The classic analogy $\text{king} - \text{man} + \text{woman} \approx \text{queen}$ demonstrates that Word2Vec learns linear structure for semantic dimensions like gender and country-capital relations.

GloVe

GloVe (Global Vectors, Pennington et al. 2014) takes a different approach: directly leveraging global word-word co-occurrence statistics.

The core idea: if two words $i, j$ co-occur $X_{ij}$ times in the corpus, their word vector dot product should approximately equal the log of the co-occurrence frequency. The objective function is:

J = \sum_{i,j=1}^{V} f(X_{ij})\left(\mathbf{w}_i^T \tilde{\mathbf{w}}_j + b_i + \tilde{b}_j - \log X_{ij}\right)^2

where $f(X_{ij})$ is a weighting function — high-frequency co-occurrences should not dominate training, and low-frequency ones should not be ignored.

GloVe vs Word2Vec:

Word2Vec is a local method: trains via sliding windows one at a time
GloVe is a global method: first builds the complete co-occurrence matrix, then performs matrix factorization
In practice, both produce comparable results, but GloVe training is easier to parallelize

The Limitations of Static Embeddings

Word2Vec and GloVe are both static embeddings: each word has only one fixed vector representation, regardless of context.
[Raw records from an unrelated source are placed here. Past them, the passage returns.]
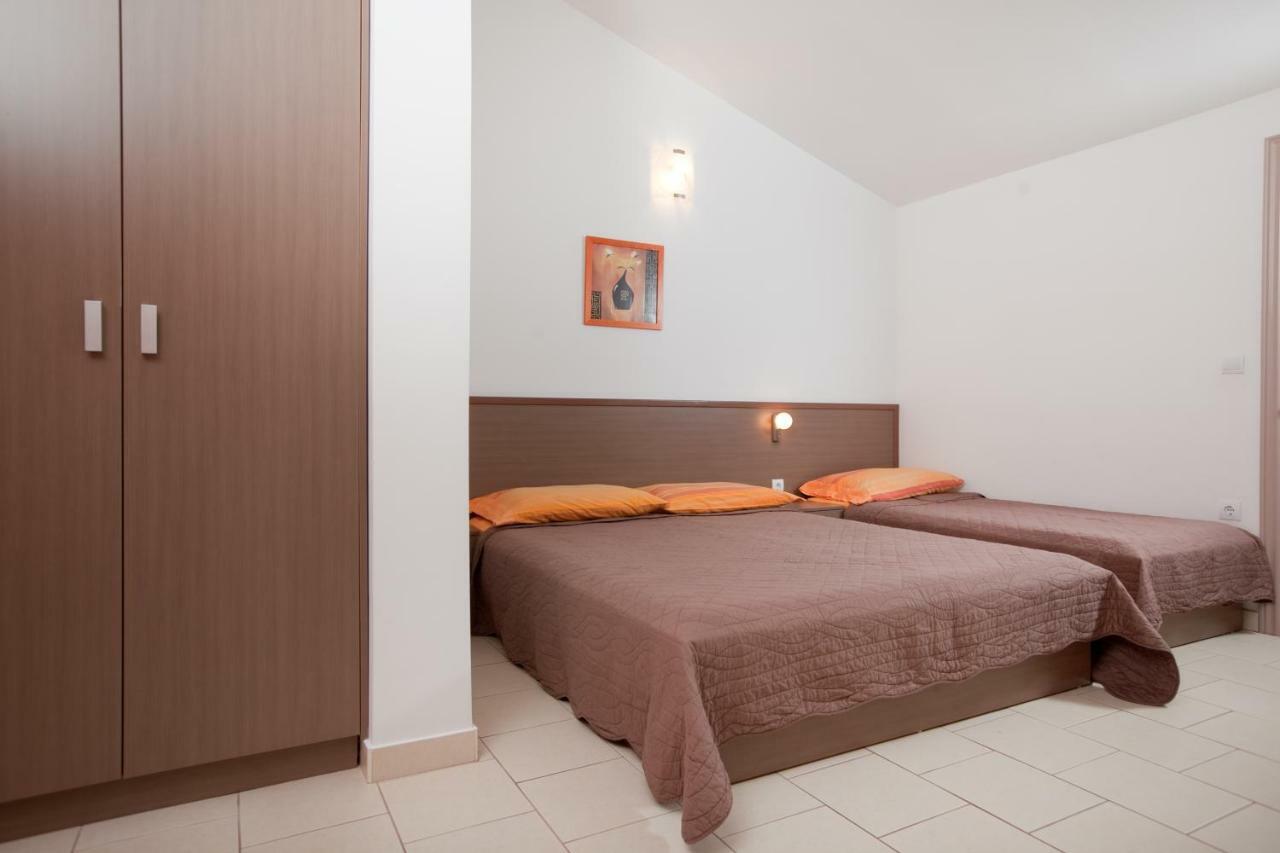 Apartments Smiljka II Tucepi Ngoại thất bức ảnh
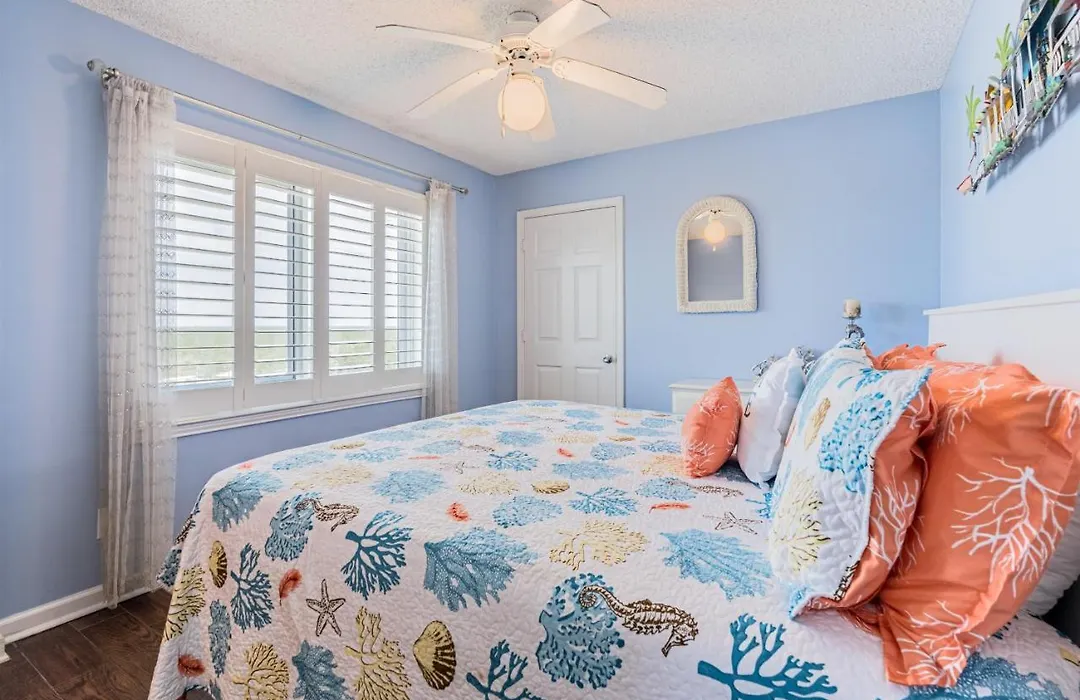 Tradewinds #1008-1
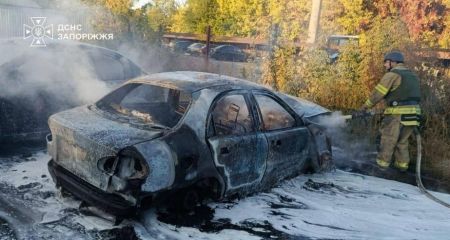 Обстріли Запоріжжя та передмістя: палали оселя й автівки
This leads to a fundamental problem — polysemy.

Consider the word “bank”: in “river bank” it means a riverside, in “bank account” it means a financial institution. But in Word2Vec, both meanings are compressed into a single vector, losing disambiguating information.

Select polysemous word:|

This limitation directly drove the development of contextual embeddings. ELMo (2018) first used bidirectional LSTMs to generate context-dependent vectors for each word. BERT (2018) then took this idea further with Transformer Self-Attention — every token vector at every layer incorporates information from the entire sequence.

Feature	Static Embeddings (Word2Vec/GloVe)	Contextual Embeddings (BERT/GPT)
Same word’s vector	Fixed, identical	Varies with context
Polysemy handling	All meanings blended into one vector	Different meanings map to different positions
Training data usage	Local windows or co-occurrence matrix	Full sequence context
Vector dimensions	100-300	768-4096
Parameter count	Millions	Hundreds of millions to trillions

Summary

This article covered the two core steps of the NLP input pipeline:

Tokenization: Subword tokenization (BPE/WordPiece/SentencePiece) balances vocabulary size and semantic granularity. BPE builds vocabulary through greedy merging and has become the standard for the GPT series.
Word Embedding: From one-hot’s curse of dimensionality to the distributional hypothesis’s dense vectors. Word2Vec learns word vectors from local context using shallow neural networks; GloVe works from global co-occurrence matrices. Both produce striking linear analogy structures.
From Static to Contextual: Static embeddings cannot handle polysemy, driving the contextual embedding revolution from ELMo to BERT to GPT.

In subsequent articles, we will dive into BERT and GPT’s architecture design — understanding how they generate context-dependent token representations, and why the Decoder-only architecture ultimately won.